The goal of this university-industry collaborative grant is to improve the imaging performance of clinical digital breast tomosynthesis (DBT). Our objectives are twofold: 1. Increase the inherent signal to noise ratio (SNR) of DBT by improving the detective quantum efficiency (DQE) of amorphous selenium (a-Se) full-field digital mammography (FFDM) detectors, and optimizing the x-ray delivery scheme. 2. Establish image quality evaluation methods that quantify the improvement in lesion conspicuity with different DBT implementations, with the results verified on a prototype DBT system. Our objectives will be accomplished through the following specific aims: (1) Develop a new detector with improved low dose and temporal performance for DBT.
Aim 1 will lead to the development and clinical translation of a new a-Se flat-panel imager that can double the DQE of the detector for each projection view of DBT, and increase the DQE by 30% for the higher energy beams used in contrast enhanced DBT imaging applications. (2) Develop a task-specific SNR framework to guide the optimization of DBT image acquisition for the detection of breast lesions.
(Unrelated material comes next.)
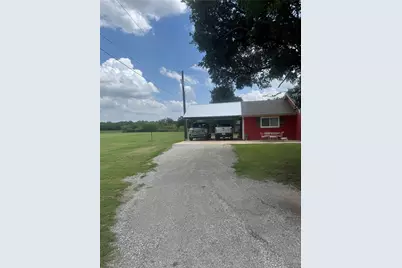 1485 Sartain Road, Mineral Wells, TX 76067 - Photo 2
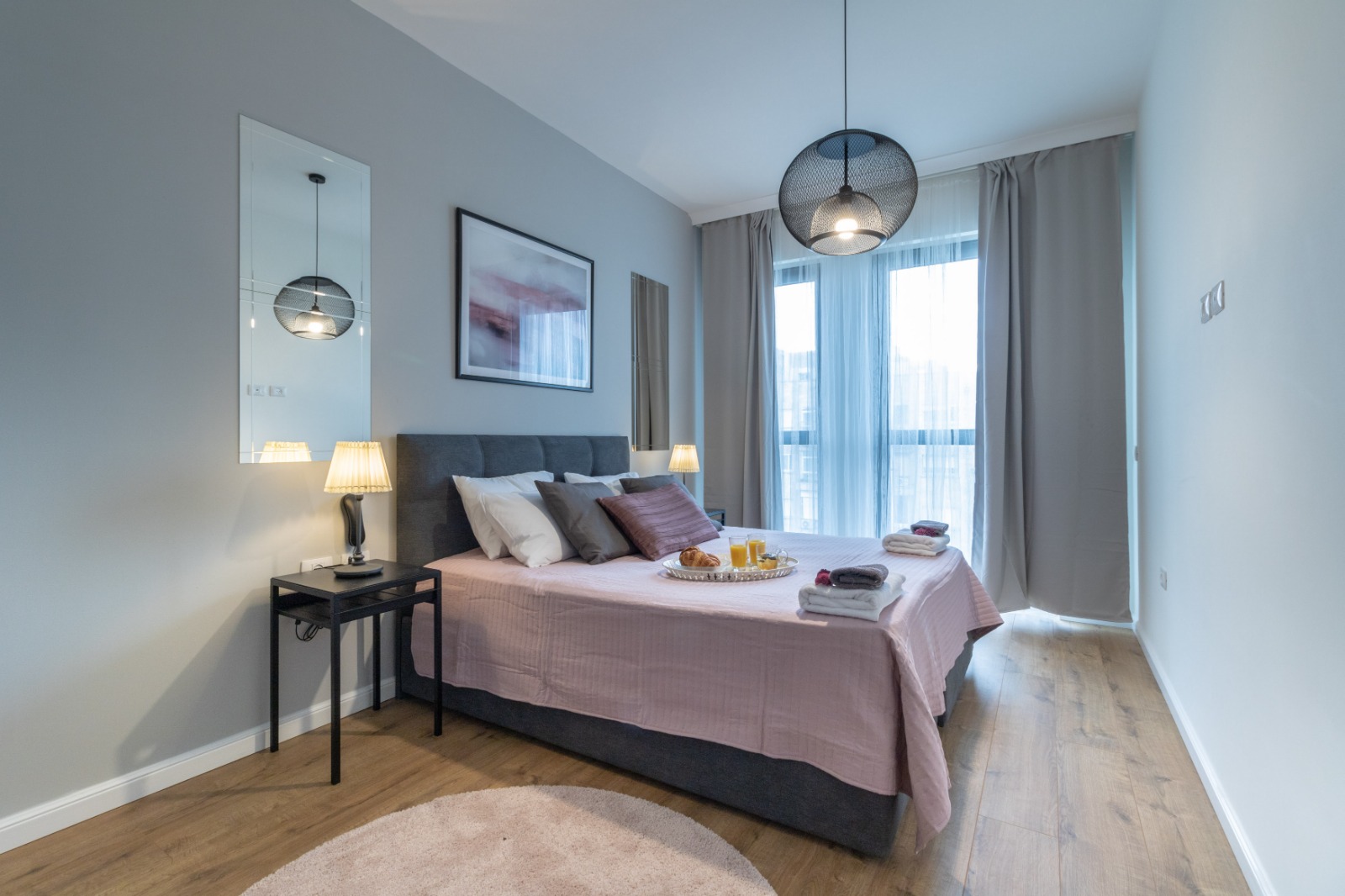 E45c8d8a-1847-4a31-9b09-febfae55bc27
Aim 2 will lead to the development of a frequency domain task-based image evaluation framework that quantifies the impact of detector performance, radiation delivery scheme and reconstruction filters on the detection tasks of breast lesions using reconstructed images. (3) Develop a DBT simulation platform with realistic 3D digital breast phantom and a computerized observer to quantify breast lesion conspicuity and verify optimization results.
Aim 3 complements Aim 2 to form a balanced evaluation methodology. It will investigate to what extent linear system assumptions can be used, and provide an image evaluation method where linear system theory does not apply, i.e. non-stationary background and system response, and non-linear reconstruction algorithms. (4) Verify optimization strategies for different lesion detection tasks on a prototype DBT system.
Aim 4 will implement the imaging system hardware improvements and use the framework developed in Aims 2 and 3 to guide the development of new, practical strategies to improve breast lesion conspicuity in a clinical prototype DBT system. Digital breast tomosynthesis has been receiving increasing attention since it was proposed more than a decade ago, yet more knowledge is needed in how to best utilize its 3D imaging capability while overcoming inherent system limitations.
We aim to take advantage of the capabilities of university-industry collaboration to contribute to this knowledge base. This will support rapid clinical translation of improvements in both system hardware and optimization methodologies.
The goal of this university-industry collaborative grant is to develop engineering methods to improve the clinical imaging performance of digital breast tomosynthesis (DBT) for the early detection of breast cancer. The improvements will be quantified by imaging theory and verified by clinical feasibility testing. The knowledge gained will be used to guide the design of future multi-institutional clinical trials.